Bible left out ‘Thou shalt not giggle in church’

Published 7:57 am Wednesday, February 10, 2010

I found a box of memories the other day.

My wife had me searching for things I never use to give to charity. I piled shoes, coats and shirts into a container.

It was like cleaning an attic. I spent more time recollecting than cleaning.

Email newsletter signup

I opened a shoebox and found a tiny pin that carried a number that was indicative of many years of perfect Sunday School attendance. It had been awarded with much ceremony.
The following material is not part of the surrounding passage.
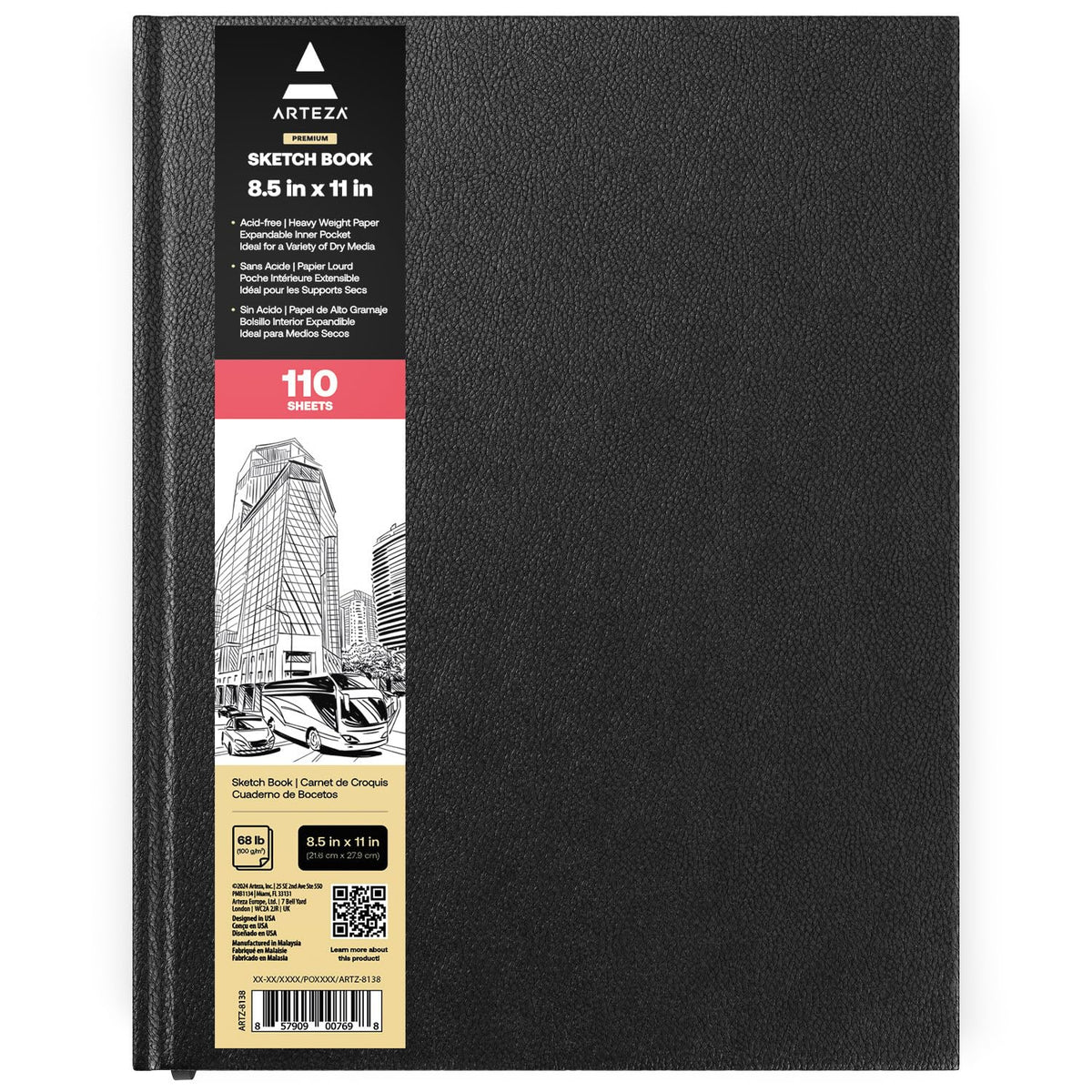ARTEZA Drawing Sketchbook, 8.5 x 11 in, Hardcover, 110 Sheets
Every Sunday morning before church, I went to Sunday School. My Sunday School teachers were wonderful and we students were attentive and thoughtful — usually. Most of my Sunday School classmates were also my classmates at the public school, but several were from schools located in exotic places up to 14 miles away like Freeborn and Ellendale.
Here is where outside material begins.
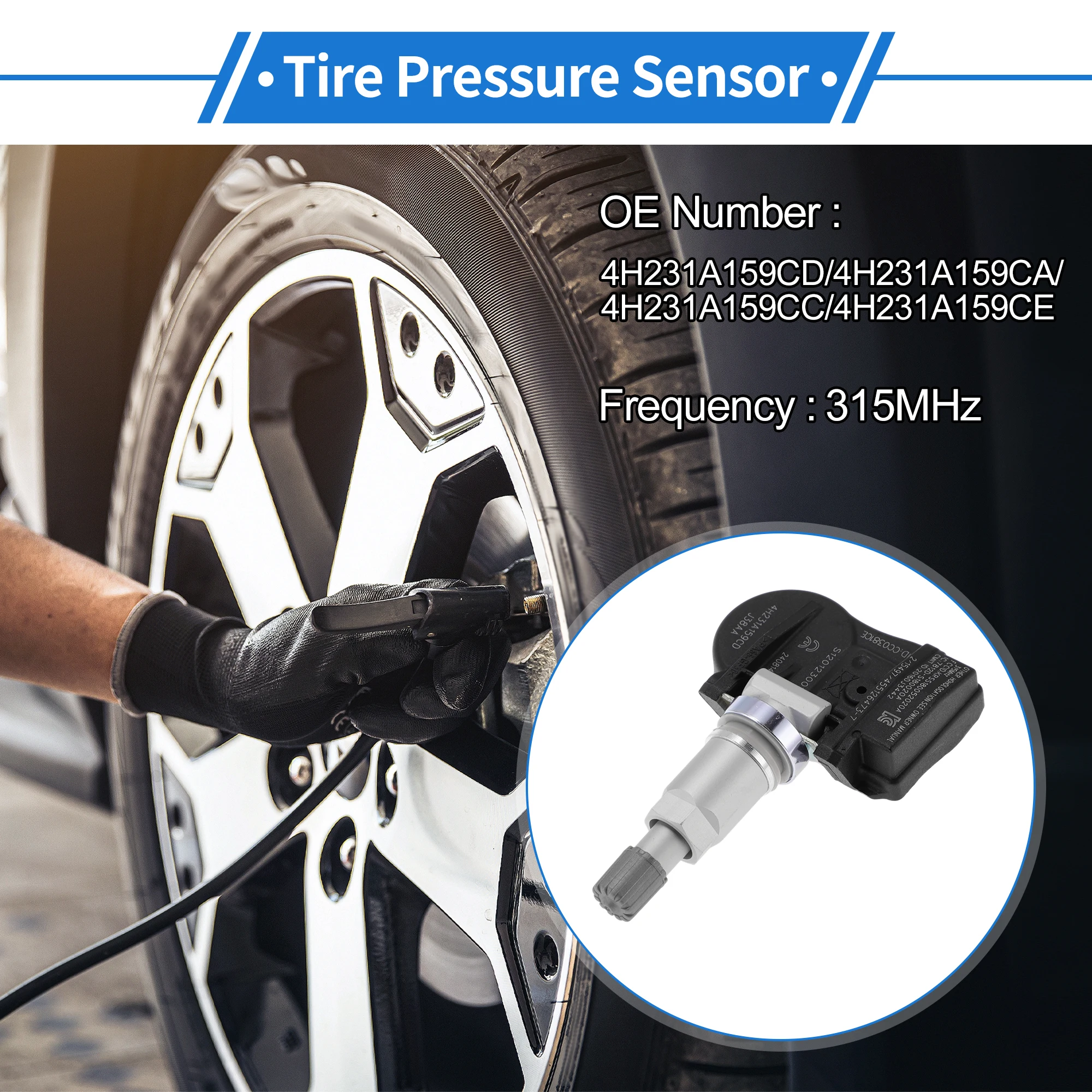 Uxcell sensor de pressão dos pneus tpms sensor 315mhz no.4h231a159cd/4h231a159ca para land rover range rover sport 2006-2013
We learned a lot in Sunday School. We read the Bible and memorized verses — the short ones, like “Jesus wept.”

We were well-behaved. We had a PK (preacher’s kid) in our class who would report to her father any missteps made by a fellow student. That would earn us the dreaded look in church and even though we sat in the pew of silence, we would get the feeling that we were the subject of the sermon. However, there were Sundays when the beginning of school wasn’t long past before we began to look forward to the ending.

Those were the Sundays when we giggled. The giggling was typically brought on by an unintentional sound made by the body of someone prone to blushing. To us, strange sounds were the epitome of humor. Growling stomachs were worthy of a fit of giggling. A fly landing on someone’s head was the height of hilarity. Catching a fly was funnier than a Three Stooges film festival.

Flu is contagious. People get flu shots. Giggling is contagious, but there are no shots available.

Our teacher told us to be quiet. Our instructor hoped aloud that one day we would be Sunday School teachers and have a class just like us. We knew that any threat from our teacher was an idle one, and each time we were told to be quiet, it caused us to giggle even more.

One minute, we were angelic Sunday school children. The next, we were giggling demons.

We lost our manners.

We were told to show a little upbringing.

We couldn’t have stopped giggling if we had wanted to. Psalms says, “Sing to the Lord a new song.” Uncontrollable giggling was our new song.

My mother described such giggling insanity as “finding a tee-hee’s nest with a ha-ha’s egg in it.” We giggled like a ticklish man at a feather convention.

It feels good to giggle. Giggling is like a good sneeze. If God hadn’t created giggling, a Sunday School class would have been forced to invent it.

“Stop that!” said our exasperated teacher in a raised voice, likely worried that a job performance review could be suffering. It’s impossible to stop giggling when told to. We were sure that suppressed giggling cut off oxygen to the brain.

We may have tried to stop giggling. We may not have attempted to end our giggling attack. It didn’t matter. We wouldn’t have been able to cease. Being unable to stop giggling is a burden unique to the pixilated.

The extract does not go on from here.